O’Carolan – and a Barn Dance

Susie’s beautiful rendering of Sí Bheag Sí Mhór the other day put me in the mood for more compositions from Turlough O’Carolan. So I got out my Anglo concertina and recorded these two. I play them in our Ballydehob sessions very occasionally, and it would be good if more of us took up the repertoire.

 

First up is a well-known one, Lord Inchiquin. I am playing this in the key of A, which is unusual, but it suits my instrument. This melody is said (by Donal O’Sullivan Carolan The Life, Times and Music of an Irish Harper 1958) to be the only tune that O’Carolan composed while visiting Munster. He stayed with the Wrixon family, Ballygiblin, near Lombardstown, Co Cork sometime before 1720. The Wrixons became the Wrixon Bechers and then the Bechers, who have been extant in West Cork up to present times.

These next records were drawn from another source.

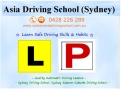 Asia Driving School - Sydney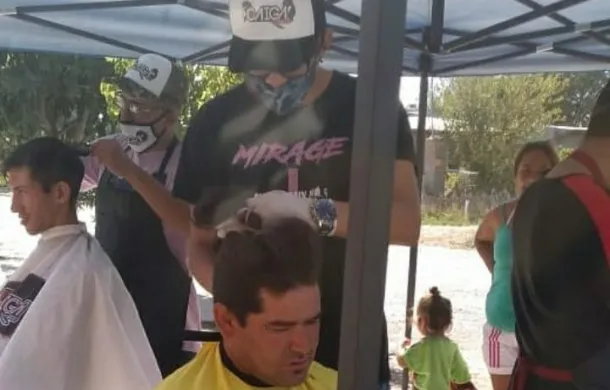 peluqueros gratis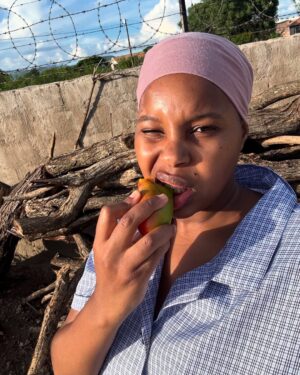 Mogau Motlhatswi Instagram - Sun kissed⛅️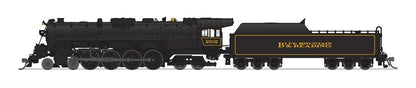 Broadway Limited 7408 Reading T1 4-8-4, RBMN #2102, "Blue Mountain & Reading Scheme, Paragon4 Sound/DC/DCC, Smoke, N Scale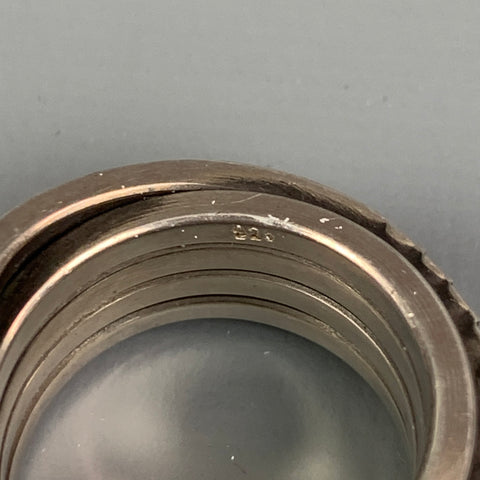 WERKSTATT:MUNCHEN Ring Size 9 Silver Sterling Silver Ring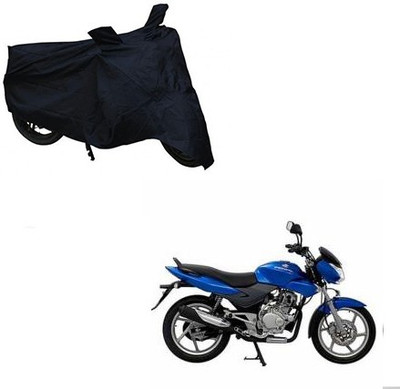 Gavya Waterproof Two Wheeler Cover for Bajaj(DTS-i, Black)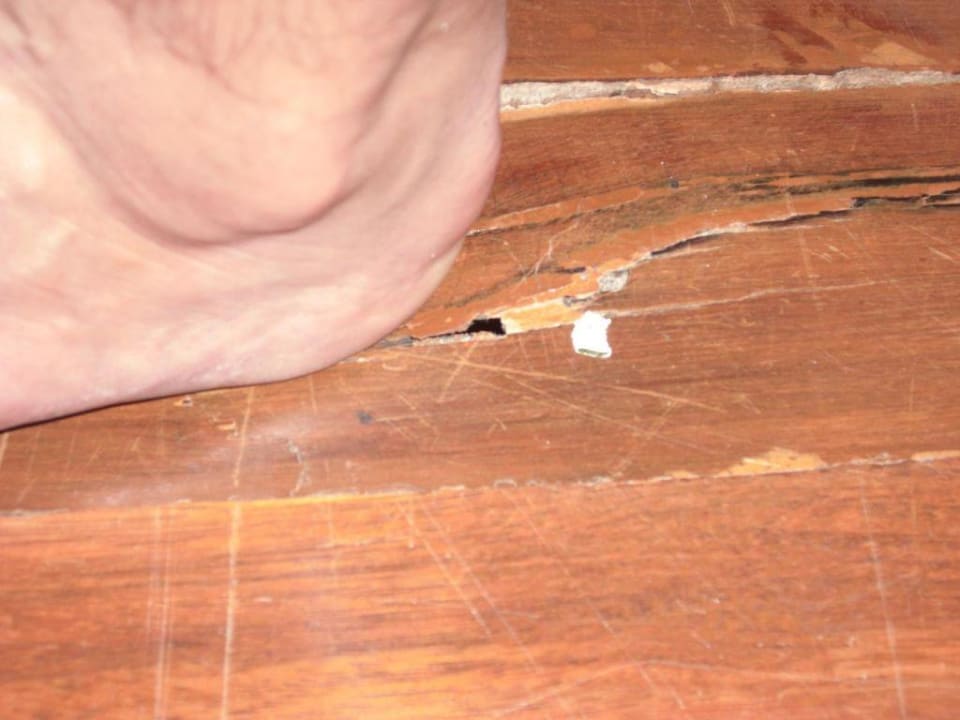 Bungalowboden Sand Sea Resort & Spa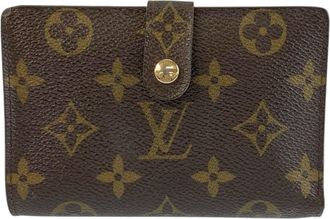 Louis Vuitton Brown Monogram Monogram Wallet (Bi-Fold) (Pre-Owned)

Lord Inchiquin, however, is likely to have been the 4th Earl of Inchiquin William O’Brien (1700 – 1777), whose family seat was Dromoland Castle, Co Clare. The O’Briens claim ancestry going back to Brian Boru, the 10th century High King of Ireland. Here he is:

Secondly I am playing O’Carolan’s Planxty Maggie Browne. This jig – in G – has been the subject of much debate, some claiming that it was written by Scottish fiddler Niel Gow (1727 – 1807). No matter – I’m prepared to hand it to Turlough, although I’m probably playing it a shade too fast . . . It would sound more sedate and stately, perhaps, on the harp. I can’t find out who the Maggie (or Margaret) Browne is.

 

Lastly, it’s back to my melodeon for a request from a Ballydehob Session member. I have been playing this 4-part barn dance, Pearl O’Shaughnessy’s, for quite a while now in our session but with little uptake. Probably, I suspect, because it’s in C, which isn’t a popular key nowadays for musicians (although it once used to be). But I think it sounds good in the range; I learned it from East Clare concertina player Mary Macnamara, whose playing style came down through generations of her family, and is quite liberal in the use of keys. In the session I would play the whole tune through three times: AA BB CC DD etc.